** TASK **
From the material below, retype exactly the lines that begin at the line with "ATE Sada brzdovch" and end after the line with "IMAGE シフォン プリーツ ガウチョパンツ ブラック ワイドパンツ フレア"; pictures stay out of the copy.

** PROVIDED MATERIAL **
• • •

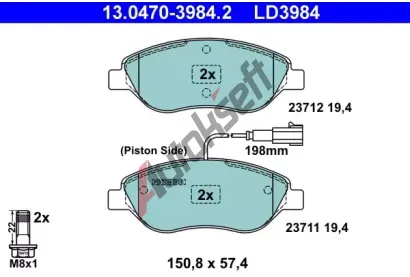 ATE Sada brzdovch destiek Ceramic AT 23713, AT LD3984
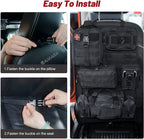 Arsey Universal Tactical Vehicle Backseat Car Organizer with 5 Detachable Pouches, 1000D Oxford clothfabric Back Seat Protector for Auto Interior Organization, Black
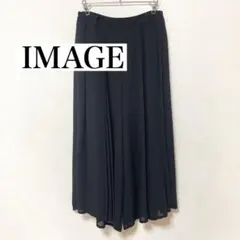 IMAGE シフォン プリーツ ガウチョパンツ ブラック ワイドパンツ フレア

• • •

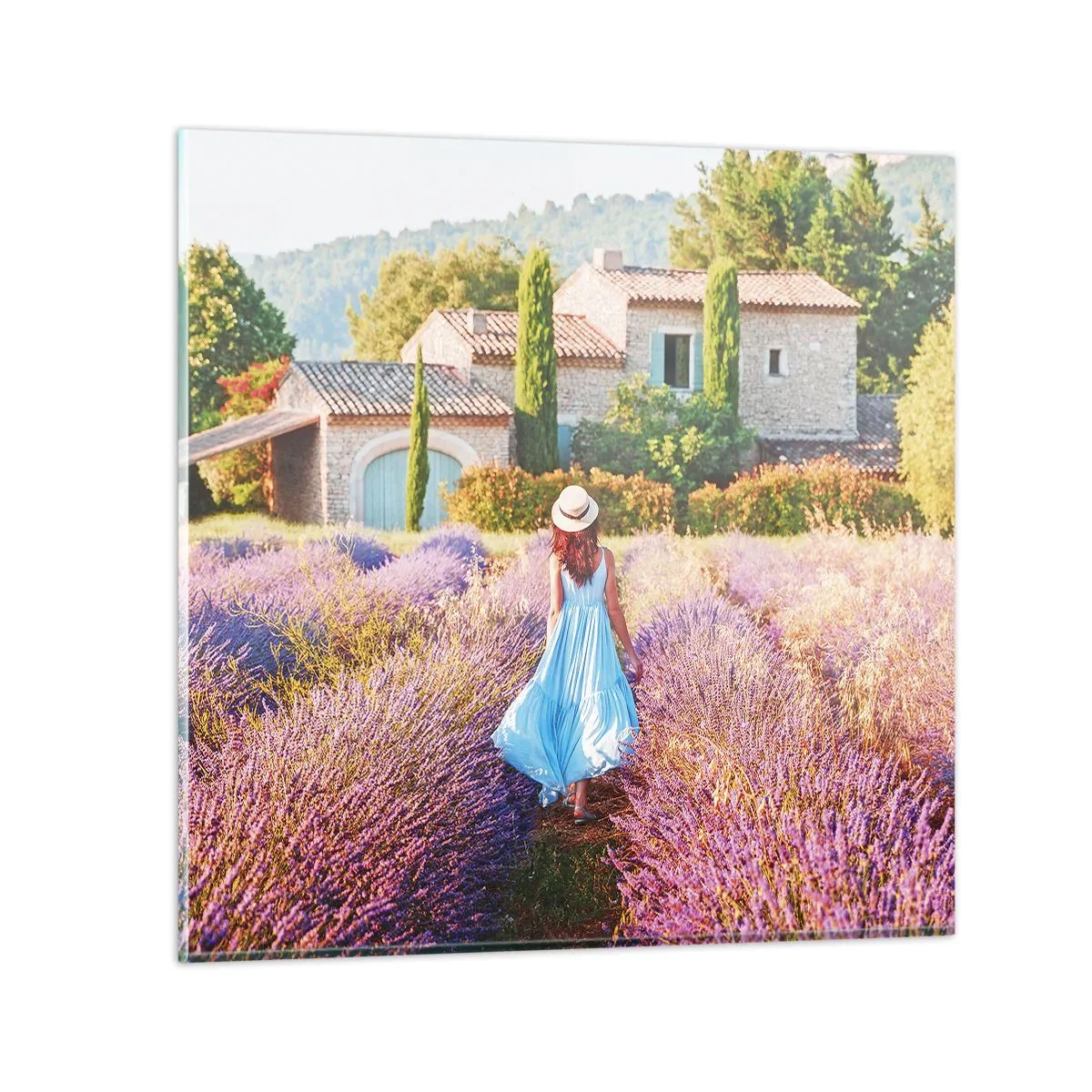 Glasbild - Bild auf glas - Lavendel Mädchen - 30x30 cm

• • •

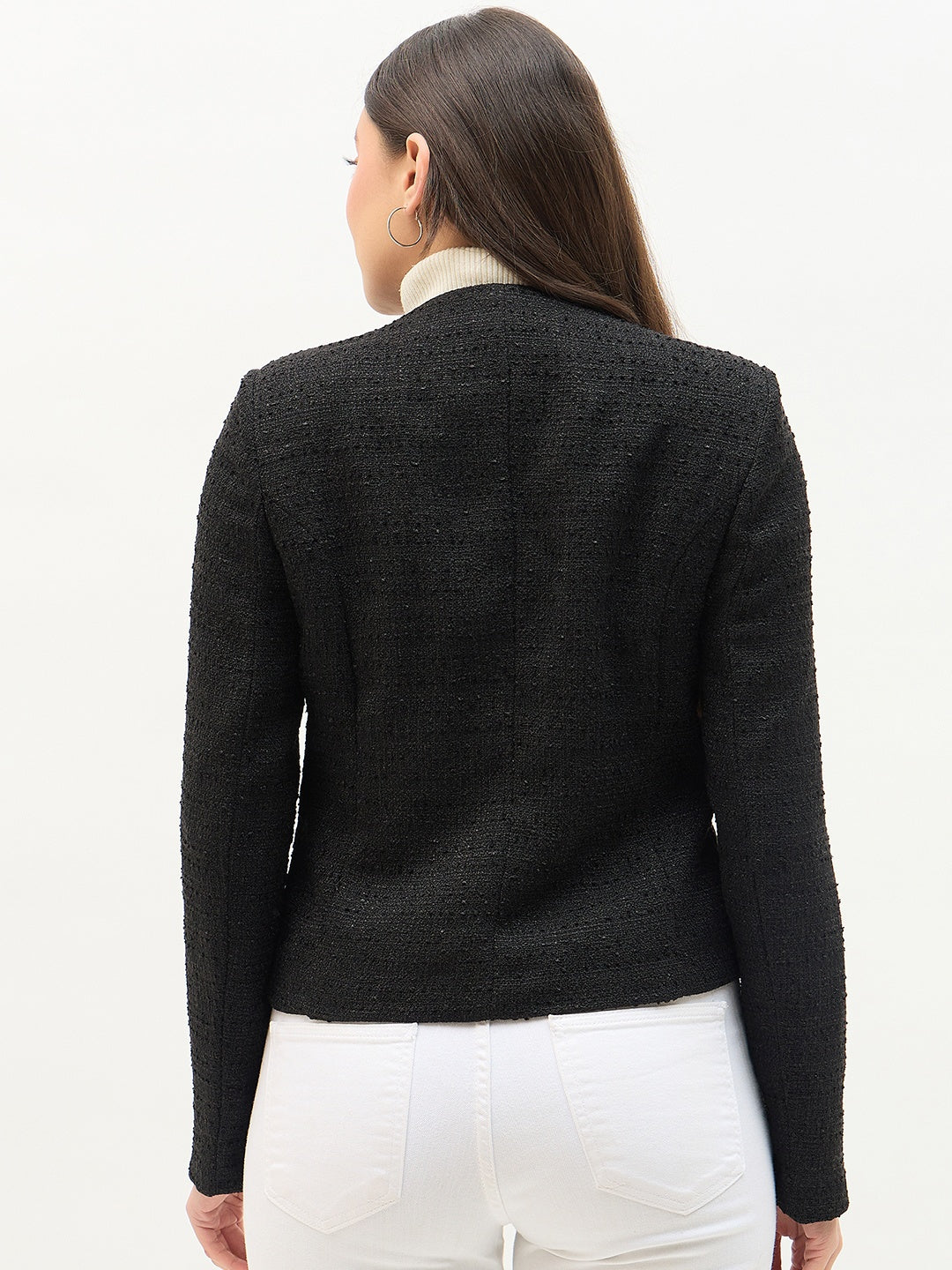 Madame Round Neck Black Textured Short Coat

• • •

** ANSWER SECTION **
 ATE Sada brzdovch destiek Ceramic AT 23713, AT LD3984
 Arsey Universal Tactical Vehicle Backseat Car Organizer with 5 Detachable Pouches, 1000D Oxford clothfabric Back Seat Protector for Auto Interior Organization, Black
 IMAGE シフォン プリーツ ガウチョパンツ ブラック ワイドパンツ フレア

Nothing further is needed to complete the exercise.